Imagen: infobae estados unidos
Wall Street cerró en rojo y el S&P 500 tuvo su peor sesión en un mes, arrastrado por la caída de Tesla y Alphabet. El repunte del Brent volvió a encender temores inflacionarios y puso presión sobre los mercados globales.
Wall Street volvió a perder tracción y dejó una señal incómoda para los inversionistas: el S&P 500 sufrió su peor sesión en un mes, en una jornada marcada por la caída de Tesla y Alphabet y por la renovada presión que ejerció el petróleo Brent sobre las expectativas de inflación.
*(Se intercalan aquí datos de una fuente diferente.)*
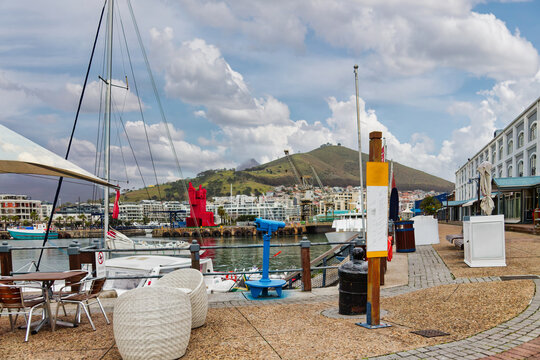 Waterfront Promenade Overlooking Signal Hill in Cape Town outdoor cafe seating, stationary telescope, and sailboats,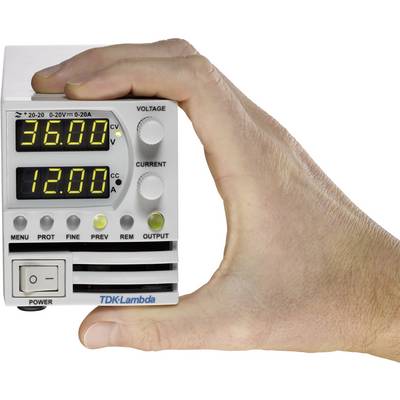 Hand hält ein elektronisches Gerät mit digitaler Anzeige. Oben steht '36,00' Volt, unten '12,00' Ampere. Markenname 'TDK-Lambda' sichtbar.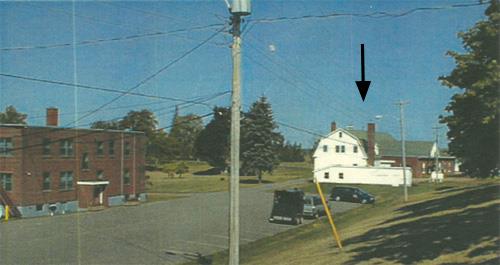 Panoramic view of the Cereal Forage Building (right) and Building 10 (left) showing the compatible scale, materials and style vis-a-vis the remaining adjacent buildings on the farm, 2001.; Agriculture and Agri-Business Canada \ Agriculture et Agroalimentaire Canada, 2001.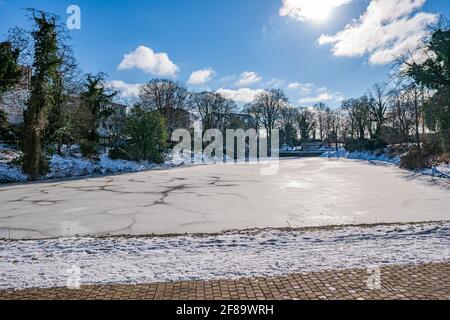 Kleiner gefrorener See, der mit Schnee bedeckt ist, hinter der Kunstgalerie bremen in der Sonne Stockfoto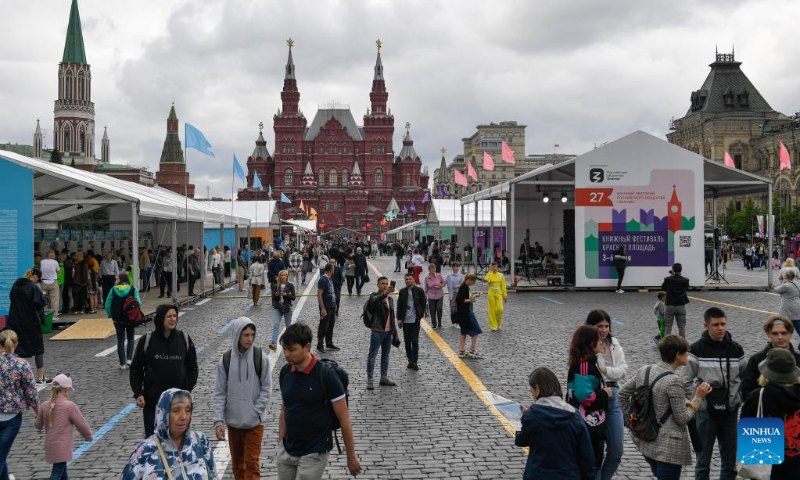 People attend the annual book festival on the Red Square in Moscow, Russia, on June 3, 2022. (Photo by Alexander Zemlianichenko Jr/Xinhua)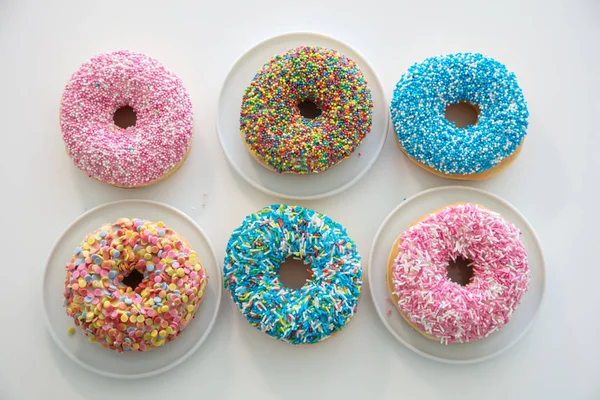 Rosquillas con decoración colorida sobre fondo de color blanco. Vista superior — Foto de Stock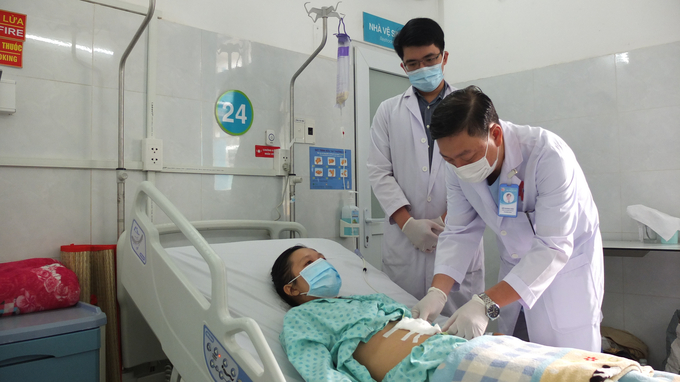 Bác sĩ kiểm tra vết thương và dặn dò người bệnh trước khi xuất viện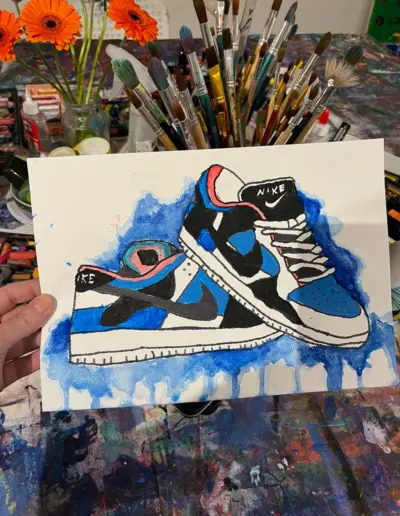 Eine Aquarell-Tusche Zeichnung von blau-weiss-schwarzen Sportschuhen.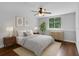 Comfortable bedroom with hardwood floors, a ceiling fan, and a large window at 1013 Inlet Way, Altamonte Springs, FL 32714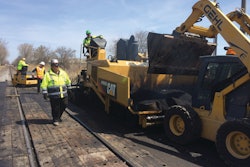 The material utilized in between the rails varies depending on local traffic volumes. In heavier industrial areas, the railroad will often spec a sturdier material such as wood.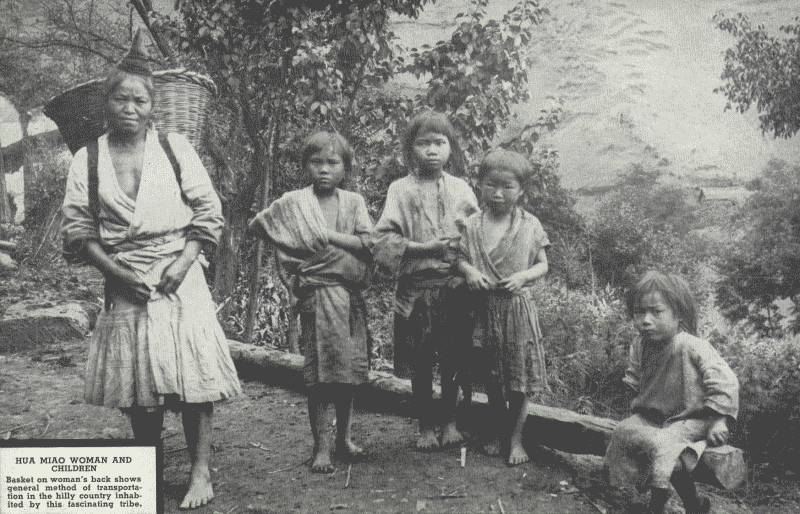 HUA MIAO WOMEN AND CHILDREN

Basket on woman's back shows general method of transportation in the
hilly country inhabited by this fascinating tribe.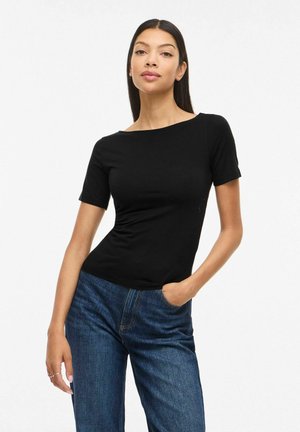 Femme aux longs cheveux foncés portant un haut noir ajusté à manches courtes et un jean bleu, posant avec une main dans la poche devant un fond uni.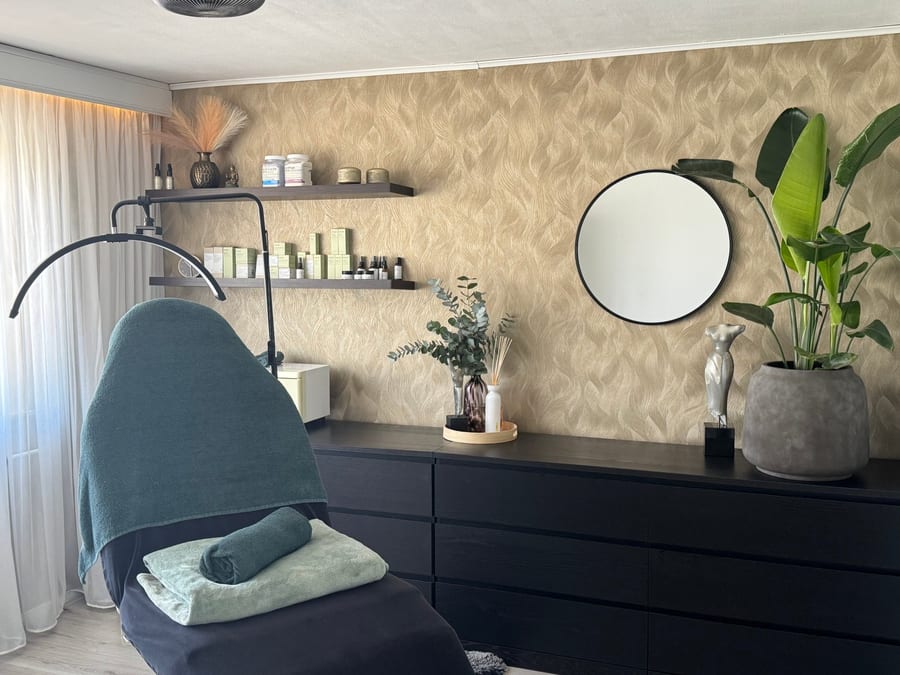 De behandelkamer: een donkerblauwe behandelstoel voor een wand met goudkleurig bladpatroon, een ronde spiegel, planten en een schap met producten.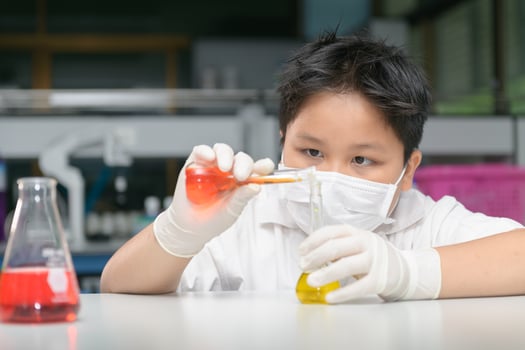 kid scientist making experiment with test tube i photo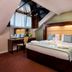 Treacy's Hotel Enniscorthy room with skylight, desk, and king bed with upholstered headboard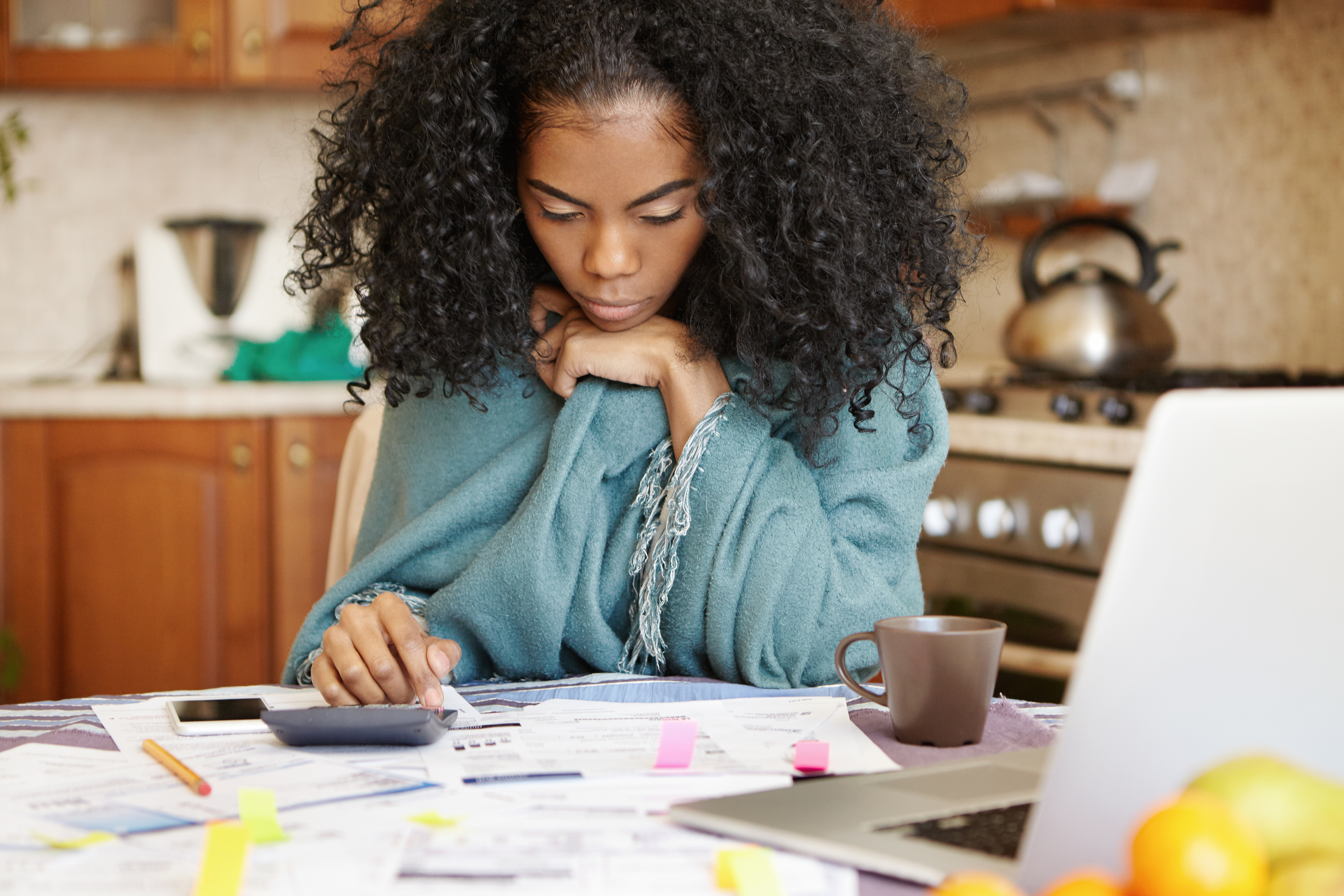 woman reviewing paperwork with calculator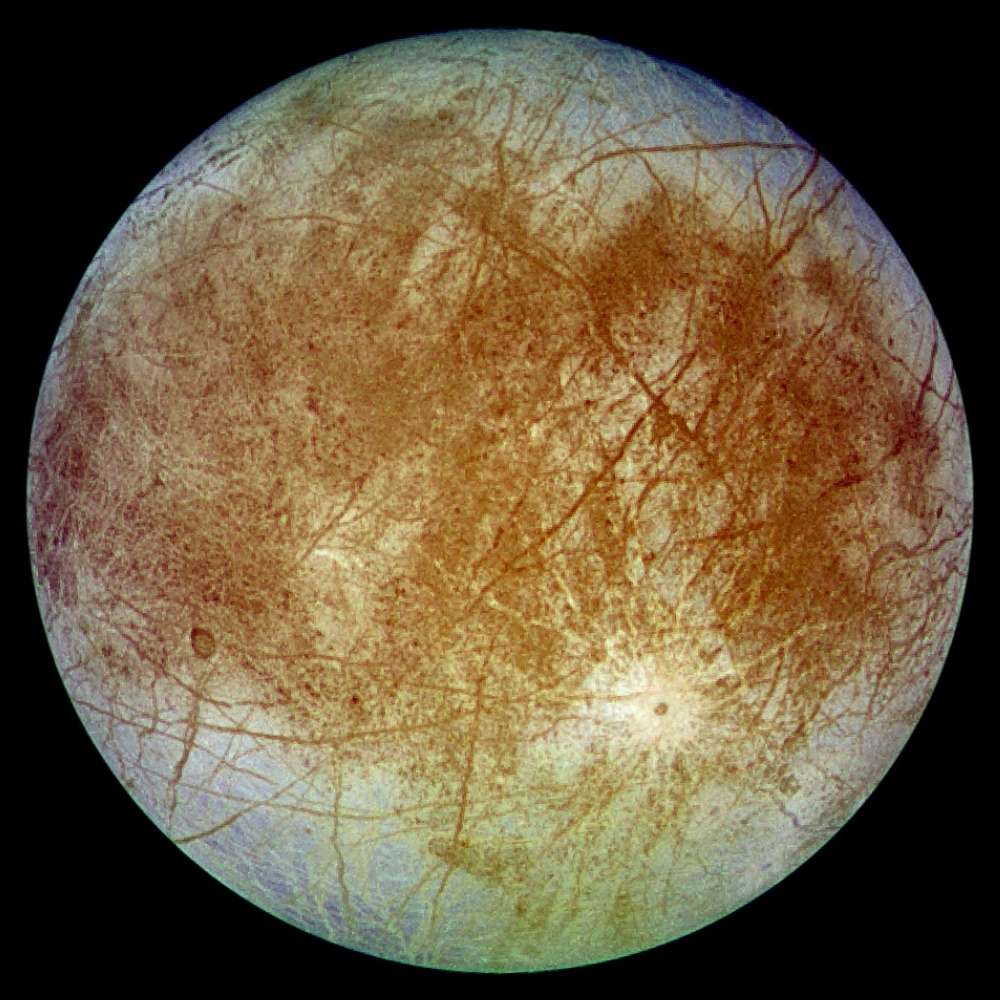 High-resolution image of Europa showing its smooth icy surface crossed by dark fractures and ridges, indicating a subsurface ocean beneath the moon’s frozen crust.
Según informó infobae Estados Unidos, el retroceso no fue aislado, sino parte de un ajuste más amplio que terminó contagiando a los principales índices de Nueva York y enfrió el ánimo en los mercados globales.
El golpe más visible vino desde el frente tecnológico, un sector que en los últimos meses había sostenido buena parte del optimismo bursátil. Tesla profundizó sus pérdidas y Alphabet también cerró a la baja, dos nombres que suelen actuar como termómetro del apetito por riesgo en Wall Street. A eso se sumó el comportamiento del crudo Brent, cuyo repunte reactivó una preocupación vieja pero nunca resuelta: si la energía vuelve a encarecerse, la inflación puede dejar de ceder con la velocidad que esperan los mercados y, con ello, la Reserva Federal tendría menos margen para relajar su postura monetaria. En otras palabras, no se trató solo de una mala rueda para dos gigantes tecnológicos, sino de una combinación de factores que volvió a recordar que la bolsa sigue siendo muy sensible a cualquier amenaza sobre tasas, precios y crecimiento.
Lo relevante de esta jornada es que expone la fragilidad del rally bursátil que muchos daban por sólido. Cuando el mercado sube apoyado en unas pocas acciones de gran peso, cualquier tropiezo en esos nombres puede arrastrar al conjunto. Además, el petróleo encarecido tiene un efecto más amplio que el de un simple movimiento en los commodities: presiona costos para empresas, afecta expectativas de consumo y complica la narrativa de desinflación que venían celebrando los inversores. Para el público en Estados Unidos, eso importa porque un Wall Street más nervioso suele traducirse en mayor cautela en fondos de retiro, portafolios y cuentas de ahorro expuestas a la volatilidad; para Colombia y el resto de América Latina, el mensaje también es claro: cuando sube la incertidumbre en Nueva York, se endurecen las condiciones financieras internacionales y se reduce el margen para activos de mercados emergentes.
El cierre del día deja una advertencia que conviene no subestimar. La bolsa estadounidense no solo está pendiente de los resultados corporativos o del entusiasmo por la inteligencia artificial; también mira de reojo la gasolina, el petróleo y cualquier dato que pueda reabrir la discusión sobre inflación. Si el Brent continúa al alza, el mercado podría entrar en una fase más defensiva, y eso afectaría desde los grandes fondos hasta el ahorrador promedio. En este momento, la señal es clara: Wall Street sigue expuesto a un equilibrio delicado, donde un mal día tecnológico y un barril más caro bastan para devolver la volatilidad al centro de la escena.